Householder’s case is fundamentally different because the corrupt deal already happened. This isn’t a case where prosecutors worried that campaign payments might lead to corruption. Nor did Householder merely sell the type of “ingratiation and access” the Court condoned in McCutcheon. Instead, he sold a specific act — pushing the power plant bailout through the legislature — in exchange for millions of dollars. This type of dollars-for-official-action exchange is the definition of quid pro quo corruption, which has never been protected under the Constitution.

This should be an easy case for the Sixth Circuit to decide. The judges should unanimously affirm Householder’s conviction and reject his warped interpretation of the First Amendment.

But courts have recently botched other cases that should have been just as easy, including the Supreme Court just a few months ago in Snyder v. United States. In that case, James Snyder, the former mayor of Portage, Indiana, was convicted for accepting thousands of dollars in kickbacks in exchange for steering a city contract worth $1 million to a local truck dealership.
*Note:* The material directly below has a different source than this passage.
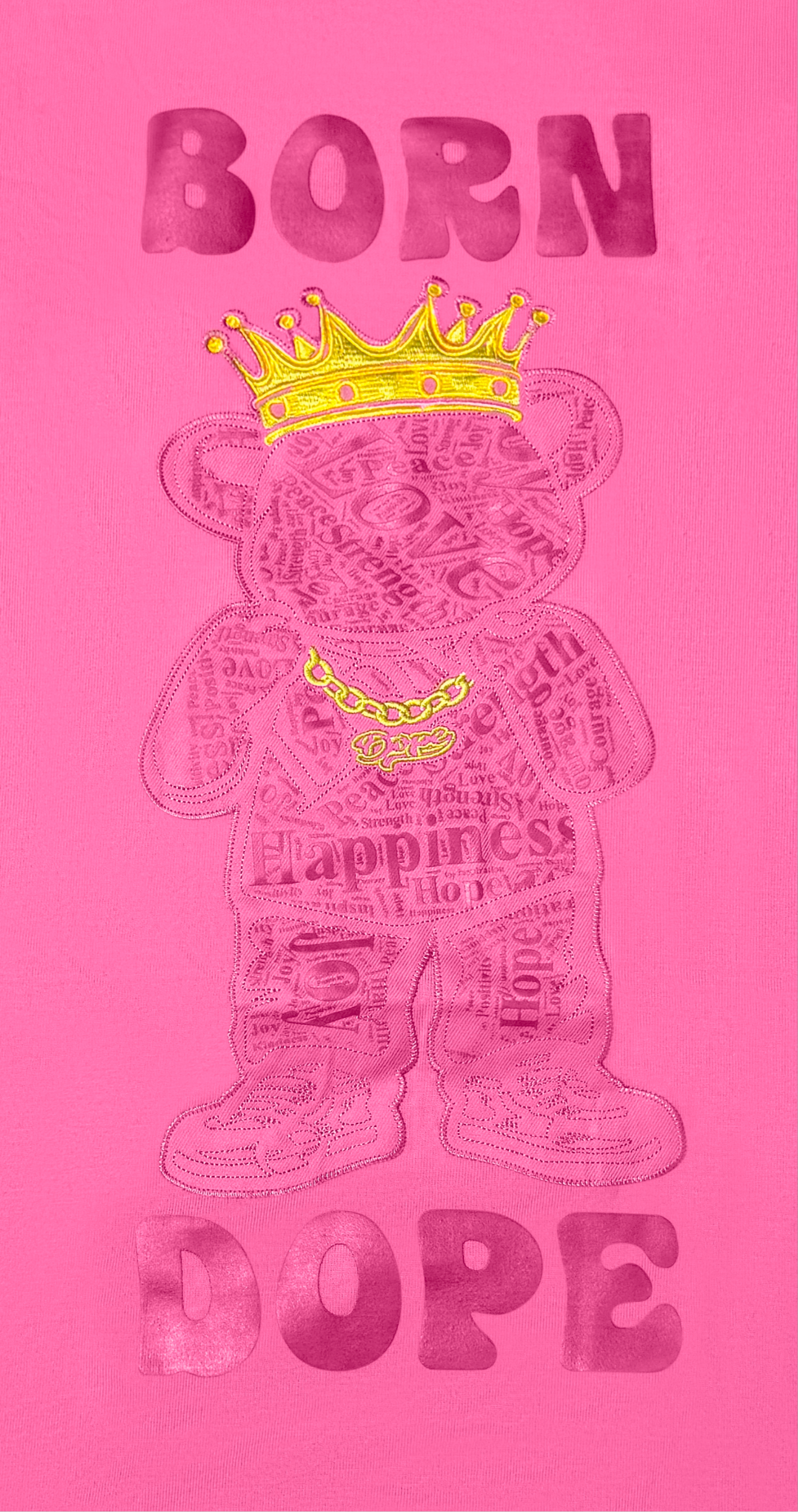 Born Dope Bear T-shirt (Breast Cancer Awareness Edition)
The federal law he was convicted under had long been understood to criminalize both the knowing acceptance of bribes (payments in exchange for a future decision) and gratuities (payments to reward past actions). Indeed, Snyder’s own lawyers conceded that the statute could encompass the gratuity payments he received. But the Court’s conservative majority — justices who all claim to adhere to textualism and originalism — jettisoned the plain text of the statute in favor of what Justice Ketanji Brown Jackson’s dissent called an “absurd and atextual reading” that the prohibition applies only to bribes, not gratuities.

It’s not that the Court is entirely wrong to be wary of prosecutorial overreach in the realm of politics. Criminal anticorruption laws are a heavy hammer, and occasionally, prosecutors have tried to use them to penalize conduct that, while distasteful, was not clearly illegal.

Too often, however, the Court’s wariness has tipped over into outright cynicism that questions the basic ideal of public service as a public trust that should not be used for personal self-enrichment. This apparent hostility toward even reasonable efforts to police corruption creates an environment that emboldens bad behavior from public officials. Decisions like Citizens United and Snyder — not to mention the Court’s shocking presidential immunity ruling — send a signal to would-be corrupt officials that they can conduct their schemes with impunity.

Against this backdrop, it is unsurprising to see defendants like Householder raising long-shot arguments that distort precedent and challenge established law. But Householder’s appeal represents a radical escalation that seeks to enshrine a right to accept bribes in the First Amendment. No such right has ever existed under U.S. law, and the Sixth Circuit should have no trouble reaffirming the principle at the heart of anticorruption law that taking money in exchange for official acts is illegal.